Your output must consist solely of the lines from the one containing "Roundup DFWT-150CF Commercial" through the end of the records, reproduced exactly.

##### Entries shown #####

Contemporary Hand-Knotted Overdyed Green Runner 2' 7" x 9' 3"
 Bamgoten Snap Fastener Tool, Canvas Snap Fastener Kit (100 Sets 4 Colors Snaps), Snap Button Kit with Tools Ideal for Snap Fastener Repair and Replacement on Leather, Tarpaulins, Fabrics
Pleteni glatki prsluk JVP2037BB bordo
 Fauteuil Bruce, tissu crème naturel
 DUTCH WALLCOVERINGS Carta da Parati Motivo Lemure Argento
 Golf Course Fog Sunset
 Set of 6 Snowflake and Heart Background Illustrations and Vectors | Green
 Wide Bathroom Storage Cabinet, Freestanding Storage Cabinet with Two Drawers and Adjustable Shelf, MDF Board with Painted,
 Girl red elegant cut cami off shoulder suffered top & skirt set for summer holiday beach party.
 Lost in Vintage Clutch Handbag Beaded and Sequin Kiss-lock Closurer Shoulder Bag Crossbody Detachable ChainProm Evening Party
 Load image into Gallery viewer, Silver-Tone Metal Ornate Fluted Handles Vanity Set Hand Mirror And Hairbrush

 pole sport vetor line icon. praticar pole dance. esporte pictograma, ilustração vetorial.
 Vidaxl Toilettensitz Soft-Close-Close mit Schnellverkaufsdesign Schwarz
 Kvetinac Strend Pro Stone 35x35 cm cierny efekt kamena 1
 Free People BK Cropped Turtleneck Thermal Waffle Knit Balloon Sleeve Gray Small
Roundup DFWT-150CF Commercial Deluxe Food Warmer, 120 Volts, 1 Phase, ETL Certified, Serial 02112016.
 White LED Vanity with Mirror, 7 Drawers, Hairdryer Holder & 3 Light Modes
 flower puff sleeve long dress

#####

Response to this task =
Roundup DFWT-150CF Commercial Deluxe Food Warmer, 120 Volts, 1 Phase, ETL Certified, Serial 02112016.
 White LED Vanity with Mirror, 7 Drawers, Hairdryer Holder & 3 Light Modes
 flower puff sleeve long dress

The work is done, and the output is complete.